Further, the Bill proposes to insert a new part to the Sale of Liquor Act restricting broadcasting of liquor advertising programmes to after 10:00pm on any day, and give the Broadcasting Standards Authority "sole jurisdiction" over all matters that may arise in relation to any liquor advertising programme.

  1. We have consulted the Crown Law Office in the preparation of this advice, and it agrees with the conclusions we have reached.
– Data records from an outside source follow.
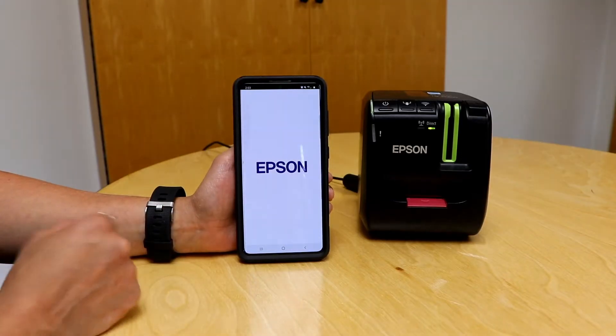Hi, welcome back to another episode of Easy Peasy Labeling with me, Melissa. I am back with the LWPX 800 and we are going to make our first label using the Epson iLabel app. Let's take a look — I'm going to go ahead and launch the iLabel app.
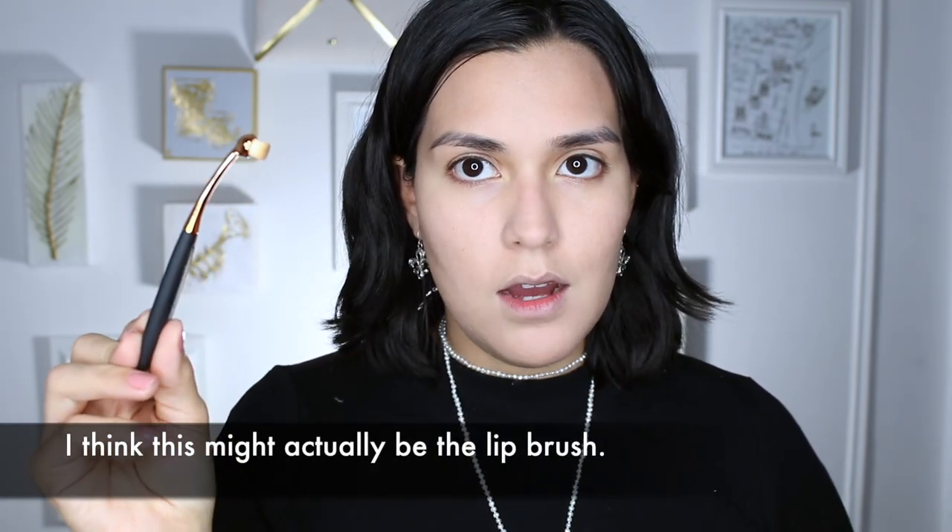Now this is supposed to be the concealer brush, but I think it's kind of way too big for what I need to do. I need to add a little bit of concealer in certain areas like under my eye and to cover up any blemishes. So I'm going to use this contour brush instead. Then I'm going to use what they've labeled as the lip brush and use that to brush the concealer into my skin. Yeah, that looks really good — it really blended it out really, really well.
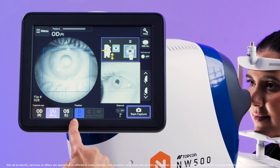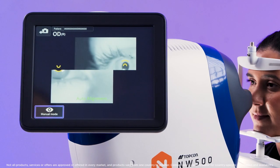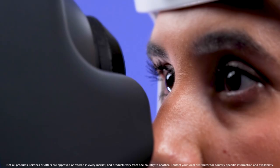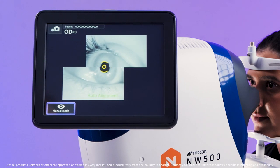Notice that the disc fixation is highlighted first. Press Start Capture and the device will automatically align and focus before taking the image. Once complete, the device will automatically move to align the macula.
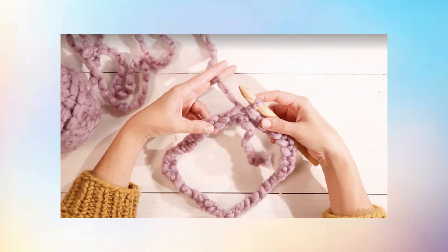Step 3: Slip stitch. Use a slip stitch to join the ends together, creating a ring. Do this by inserting your hook into the first chain, yarn over, and pull your yarn through the first chain and then through the loop on your hook.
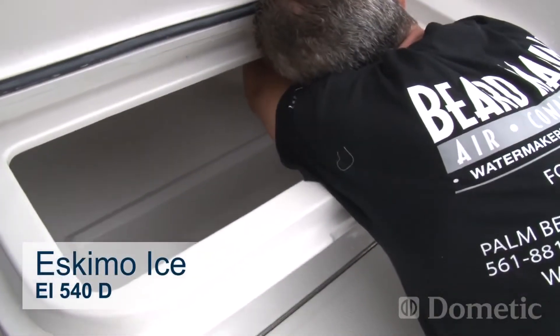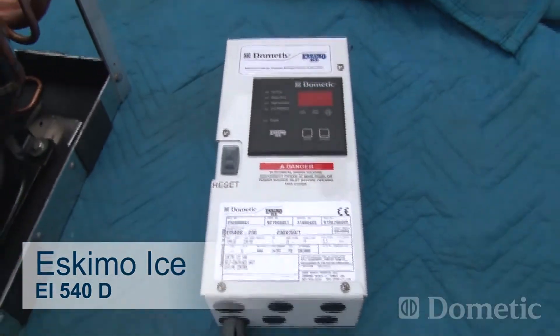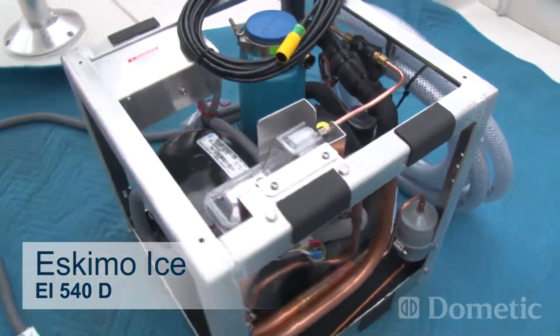They've produced for us an opportunity to fill a container that we don't make much use of when we're out on the water with crushed ice. We're installing the EI 540D Eskimo ice machine.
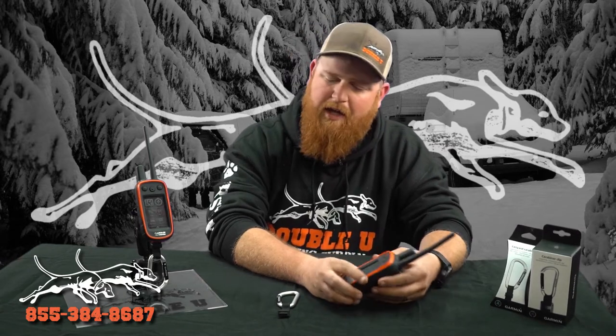Both are a really good option and a much better upgrade than the factory belt clip that comes with it. It's just about finding out which one is going to suit your needs best. If you're not hunting out of a pickup and you're mainly walk hunting or competition stuff, go with the carabiner clip spine mount style. If you're in and out of your pickup more, checking tracks, look at the lanyard style.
ISSUES OF INCONSISTENCY WITH THE BILL OF RIGHTS ACT

SECTION 14: RIGHT TO FREEDOM OF EXPRESSION

  1. Clause 10 of the Bill introduces a new Part 8A into the principal Act. The new Part would prevent the broadcasting of any liquor advertising programme before 10:00pm on any day and impose a fine of up to $100,000 on anyone who breached the restriction on advertising. In other words, liquor advertising would only be allowed between the hours of 10:00pm and 12:00am. [1]
  2. The Bill imports the definition of ‘advertising programme’ from section 2 of the Broadcasting Act 1989. An advertising programme includes a programme or part of a programme that is primarily intended to promote a product or service for commercial advantage and for which payment is made (in money or otherwise). [2] It also includes a sponsorship credit that is intended to promote a product or service. [3] New Part 8A would therefore apply to regular television programmes that are sponsored by the liquor industry as well as regular liquor advertising. However, the Bill would not affect advertisements or promotional messages designed to reduce the harm caused by alcohol (e.g. drink-driving advertisements).
  3. As Clause 10 of the Bill restricts the ability of the liquor industry to advertise their product (and the ability of consumers to receive that information), we have considered whether Clause 10 is inconsistent with section 14 of the Bill of Rights Act.
  4. Under section 14 of the Bill of Rights Act, every person has the right to freedom of expression:

Everyone has the right to freedom of expression, including the freedom to seek, receive, and impart information and opinions of any kind in any form.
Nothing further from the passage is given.